Every instrumental element in a band has a distinct personality; the guitarist and lead singer are either one and the same or battling for the frontman; the drummer is soft-spoken, mysterious, and commanding. What of the bassist?
We often forget about the key role the bassist plays, that steady, repetitive, deep presence that is as important to each song as any other instrument in the song but somehow often goes unnoticed, drowned out by a guitar shred or howling vocals. Songs with good bass can make a huge difference in sound.
The bass player is often the coolest band member. They have nothing to prove to anyone, bobbing their head and slapping their instrument in a detached yet fully immersive groove. They are the steady, collected rhythm guitar player.
We’ve come up with a list of the best bass songs that’ll highlight the talent and innovation of the bassist as well as how crucial an awesome bassline is to make a song memorable.
Top 44 Best Bass Songs
No matter what type of music you love, this eclectic, all-encompassing list of bass-heavy hits is sure to impress. We hope this list will open your eyes to the magic of a bassline and garner respect and admiration for the instrument and musicians that create them. So brace those subwoofers for some serious bass exploration.
Herbie Hancock is one of the jazz greats, playing alongside the likes of Miles Davis before embarking on a solo career that produced hit after hit, including this funky jazz fusion song. Whether you’re familiar with Hancock’s work or not, you probably recognize Chameleon. It starts with that super funky bassline that dominates the song despite the diversity of elements that enter in layers.
Funk music is some of the best music for bass players to strut their stuff, and Carl Carlton’s She’s a Bad Mama Jama is a prime example. It wasn’t just Carlton’s voice that propelled this song to the top of the soul charts and earned it a Grammy nomination; that bassline is equally responsible.
This is one of the most iconic funk songs in history, and you know exactly what song it is within 2 seconds of listening to it. We dare you to resist shaking your booty to this baseline.
Another soulful classic by the great Ben E. King, this song begins with yet another unforgettable baseline that cradles King’s rich, sentimental voice. This song has made appearances in countless movies, including one by the same name.
It was hard to choose just one song by this absolute Motown legend, but “Superstitious” wouldn’t be the sensation it is without that epic baseline that compliments Wonder’s funky voice so perfectly.
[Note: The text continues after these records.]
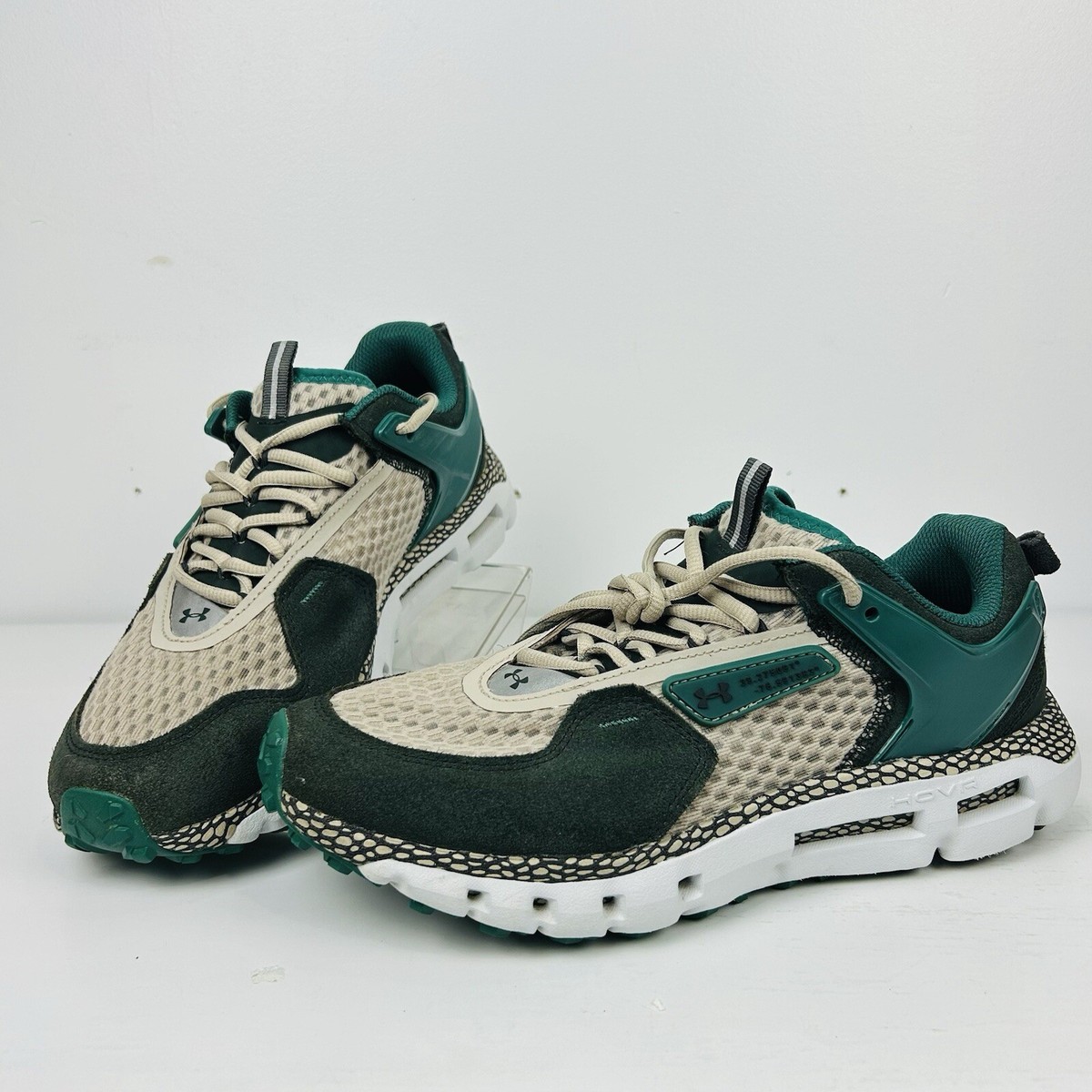 Under Armour UA HOVR Summit Green White Grey 3022579 302 MENS Women’s 11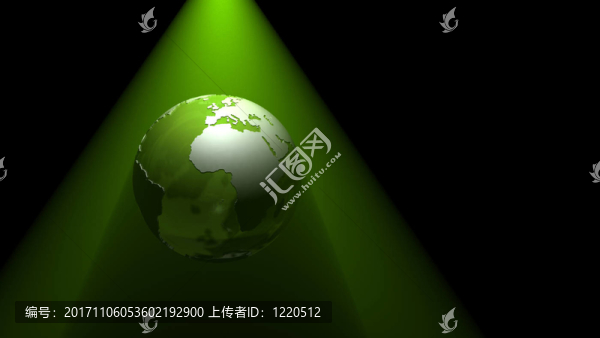 淺綠色地球儀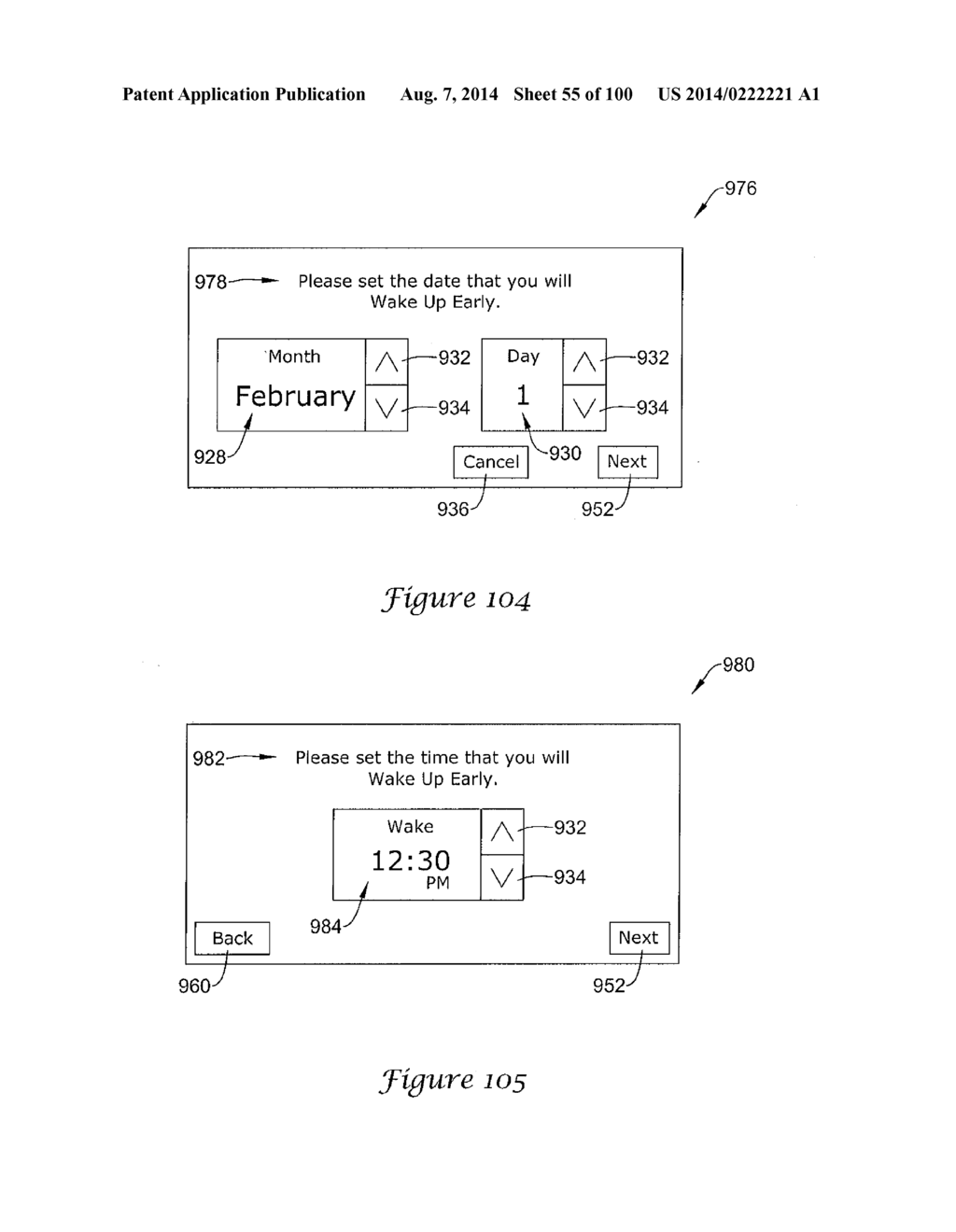 HVAC CONTROLLER HAVING A PARAMETER ADJUSTMENT ELEMENT WITH A QUALITATIVE     INDICATOR - diagram, schematic, and image 56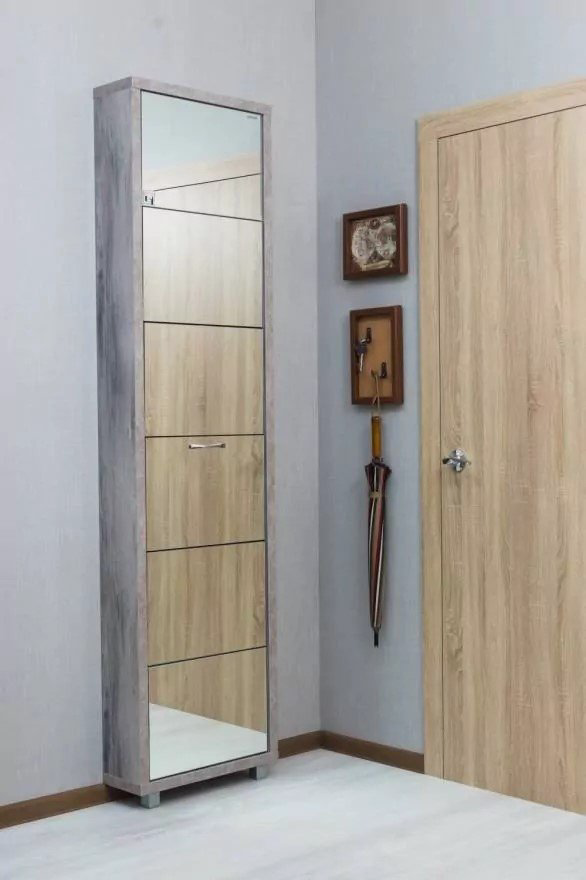 Обувница Айрон Люкс Твикс 55x19x207см серый купить,NaN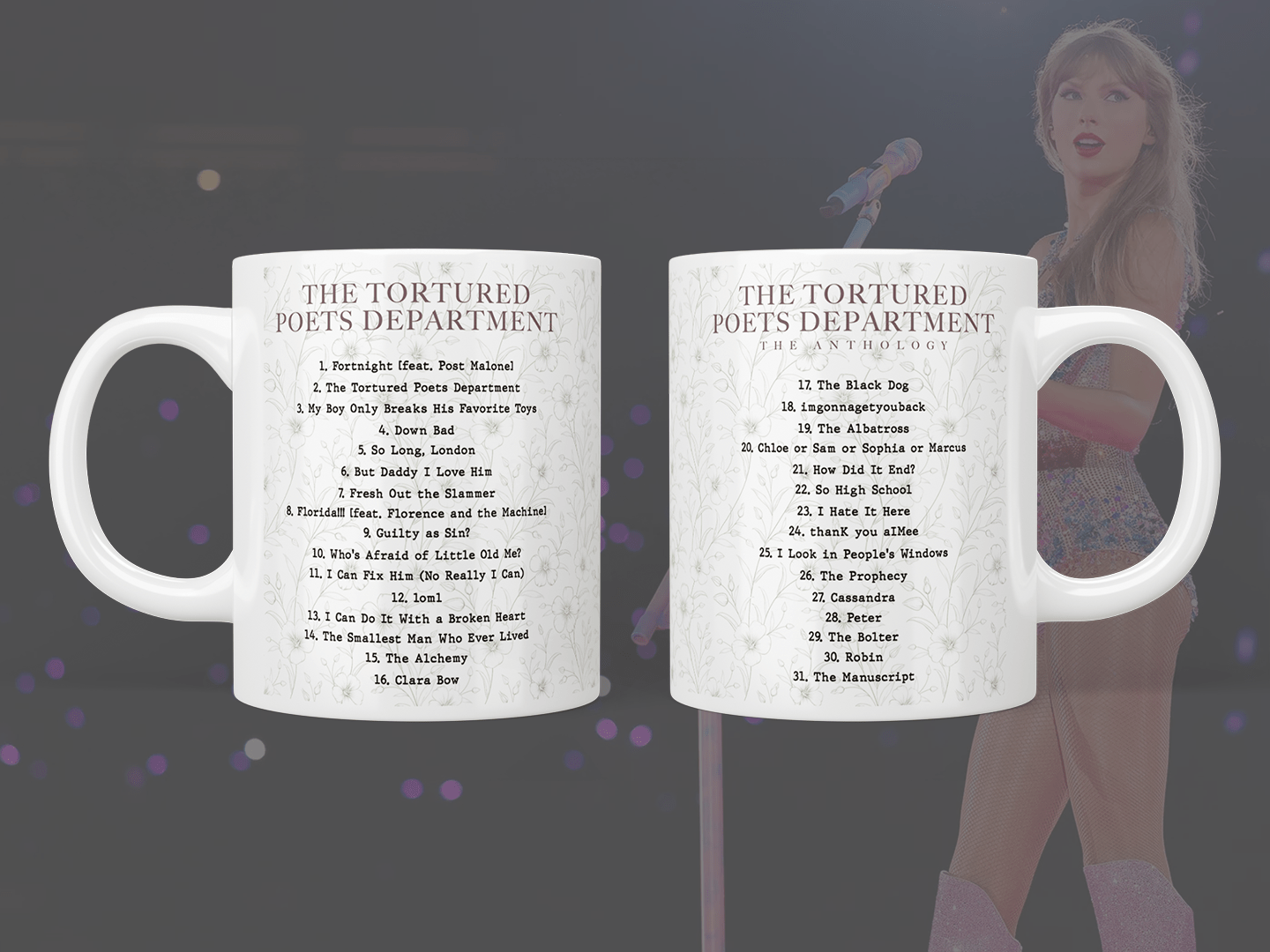 Taylor Swift: The Tortured Poets Department - The Anthology tracklist mug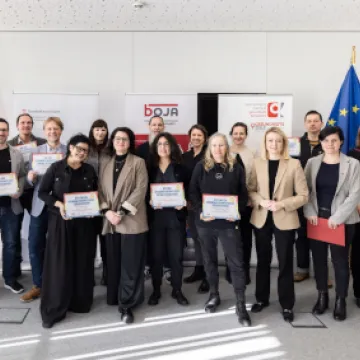 Gruppenbild der Verleihung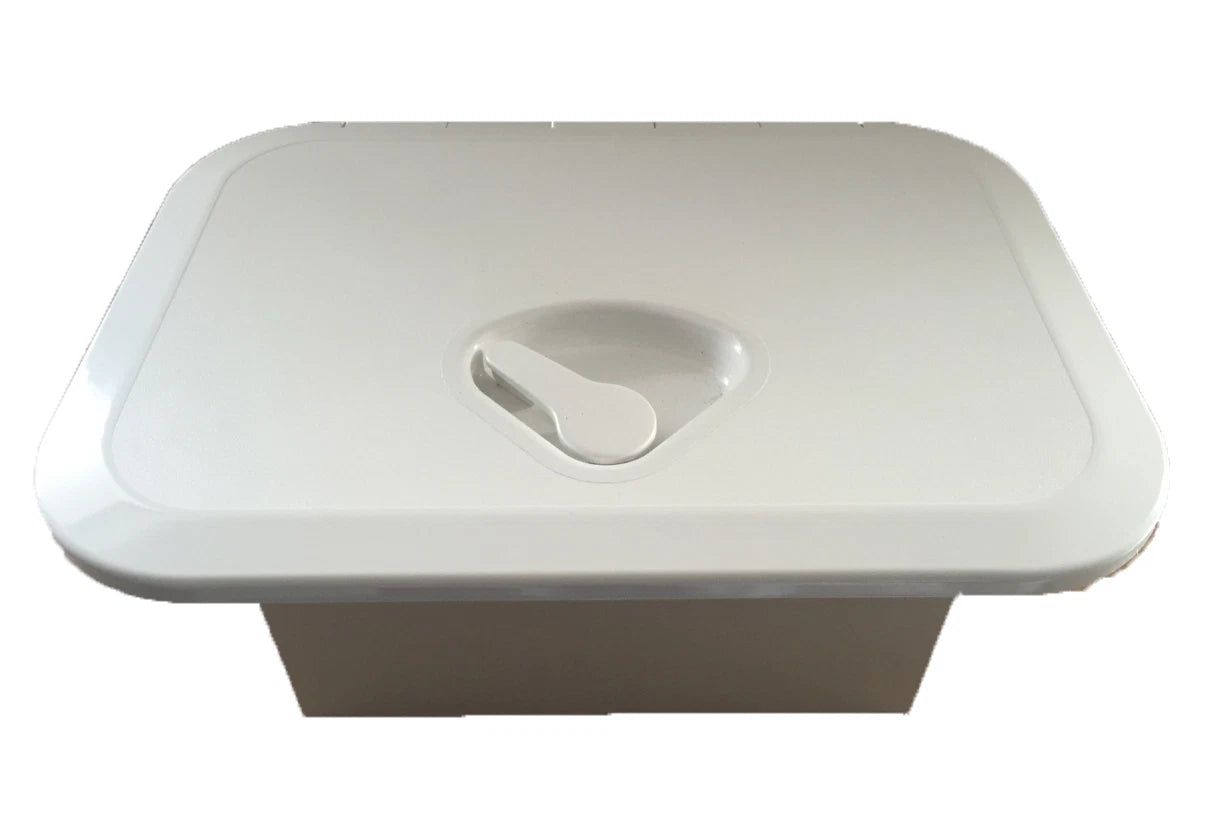 Access Hatch with Storage Box for Caravan/Boat/RV White Lid Storage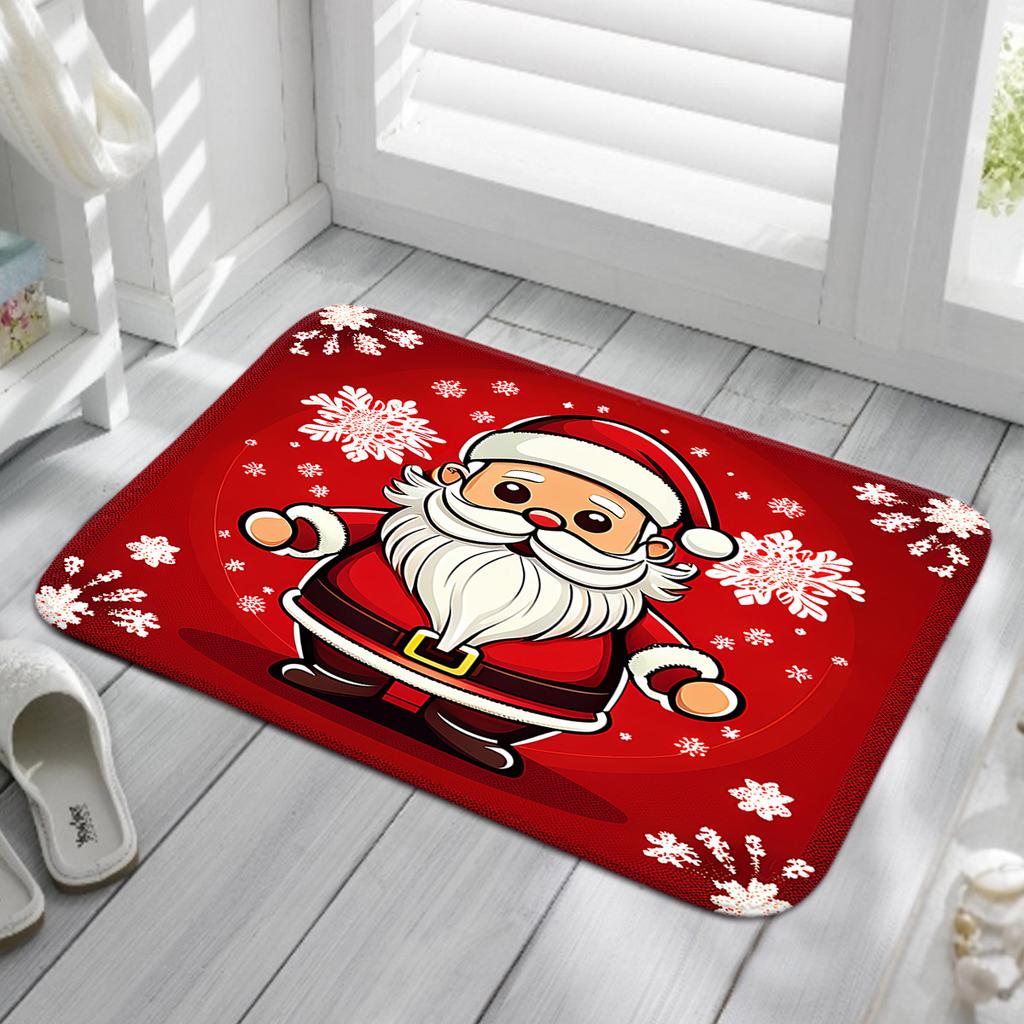 Christmas Series Door Mat Bathroom Floor Mat Kitchen Living Room Carpet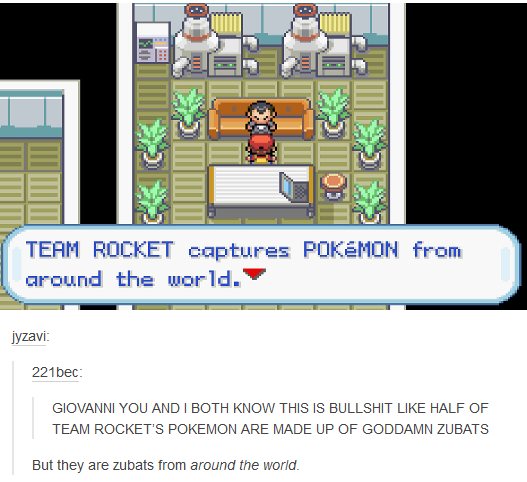 PokemonDungeonX's tweet photo. That time when #TeamRocket had #Pokemon from around the world. https://t.co/u7MKdvUjwr
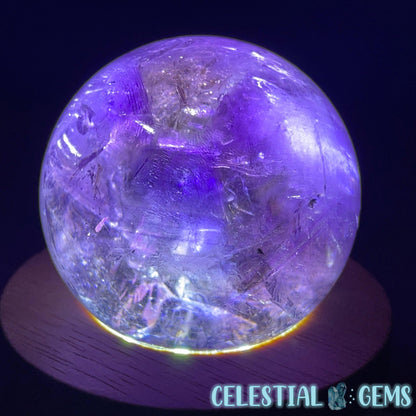 A Grade Bolivian Phantom Ametrine Medium Sphere (Video)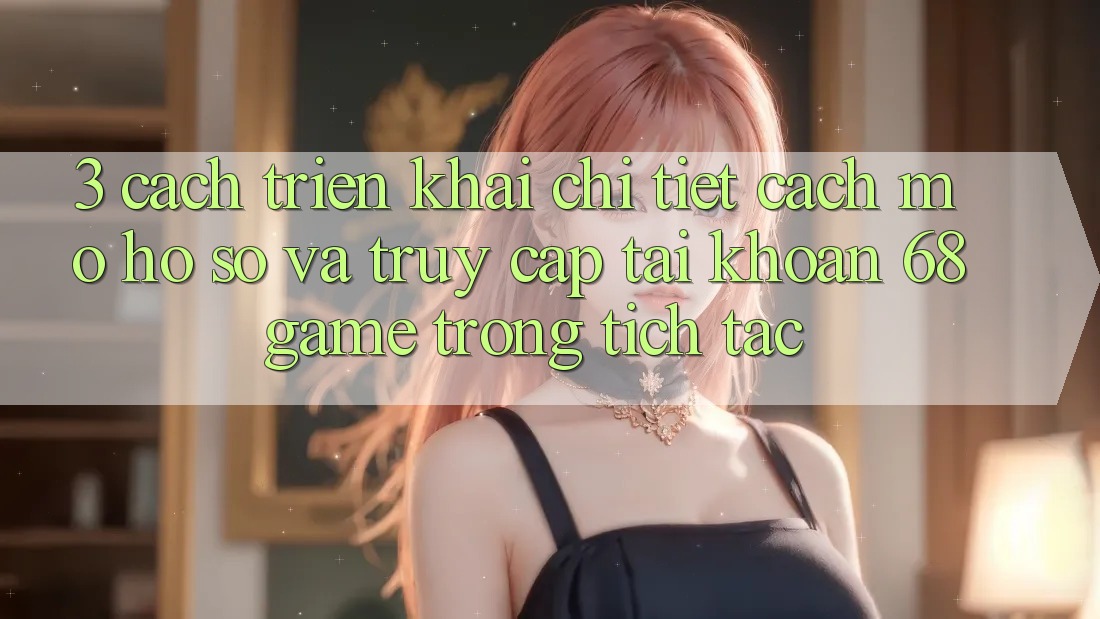 3. Cách triển khai Chi Tiết Cách Mở hồ sơ Và Truy cập tài khoản 68game Trong tích tắc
The Fatback Band debuted this funky song with disco tones back in 1975 with Johnny Flippen on bass, laying down this masterful bassline.
The late and great Jaco Pastorius played with the likes of Pat Metheny and Joni Mitchel, but also composed, sang, and produced countless jazz hit songs that landed him a coveted spot in the Downbeat Hall of Fame alongside Miles Davis, Billie Holiday, Louis Armstrong, Charlie Parke, and John Coltrane to name a few.
Finally, a hip-hop song on the list! The Pharcyde is one of the more prolific hip-hop groups of the ’90s who combined intricate rap rhyming with jazz melodies. Passing Me By is my favorite song by them, and the bassline is a big reason.
The Gorillaz are one of the most revolutionary bands of the 21st century, and we have no idea what they even look like. Apart from being utterly mesmerized by the amazing animation and storylines in their unique music videos, we have to give their musical authenticity a 10/10.
Feel Good Inc was the song that brought the Gorillaz to the forefront of popular music, opening the door for unsuspecting listeners to discover their gem of a discography.
It’s not too often that the bassist is also the lead singer, but in Pink Floyd’s case, Roger Waters fills the role of bass frontman better than anyone. Of the thousands of songs that comprise their discography, Money has to be in the top three.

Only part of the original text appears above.